Edited by Matthew Rimmer

This Handbook considers the international struggle to provide for proper and just protection of Indigenous intellectual property. Leading scholars consider legal and policy controversies over Indigenous knowledge in the fields of international law, copyright law, trademark law, patent law, trade secrets law, and cultural heritage. This collection examines national developments in Indigenous intellectual property from around the world. As well as examining the historical origins of conflicts over Indigenous knowledge, the volume examines new challenges to Indigenous intellectual property from emerging developments in information technology, biotechnology, and climate change.
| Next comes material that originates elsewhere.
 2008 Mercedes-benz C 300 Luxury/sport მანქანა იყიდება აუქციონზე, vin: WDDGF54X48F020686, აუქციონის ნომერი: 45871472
Chapter 1: The United Nations Declaration on the Rights of Indigenous Peoples: a human rights framework for intellectual property rights

Mauro Barelli

Subjects: law - academic, cultural heritage and art law, human rights, intellectual property law


After more than 20 years of negotiations and confrontations in various United Nations (UN) human rights fora, in September 2007 the world’s Indigenous peoples could celebrate the adoption of the United Nations Declaration on the Rights of Indigenous Peoples 2007, a historic document which reflects the legal regime concerning Indigenous rights at the international level. The question of culture enjoys a prominent position in the United Nations Declaration on the Rights of Indigenous Peoples 2007. Indeed it is precisely the cultural distinctiveness of Indigenous peoples – coupled with their willingness to preserve it – that makes them particularly different from other sub-State groups. Emphasising the fact that Indigenous peoples’ culture has both an encompassing and spiritual significance, the concept of ‘cultural heritage’ has often been used to refer to everything that belongs to the distinct identity of an Indigenous people. Cultural heritage is closely connected with the history, culture and identity of an Indigenous people and manifests itself in various domains, including traditional knowledge and practices, literary works, musical expressions, performances, rituals and social practices; it is transmitted from generation to generation, and is constantly recreated by Indigenous peoples in response to changes in their environment and their interaction with nature as well as their history.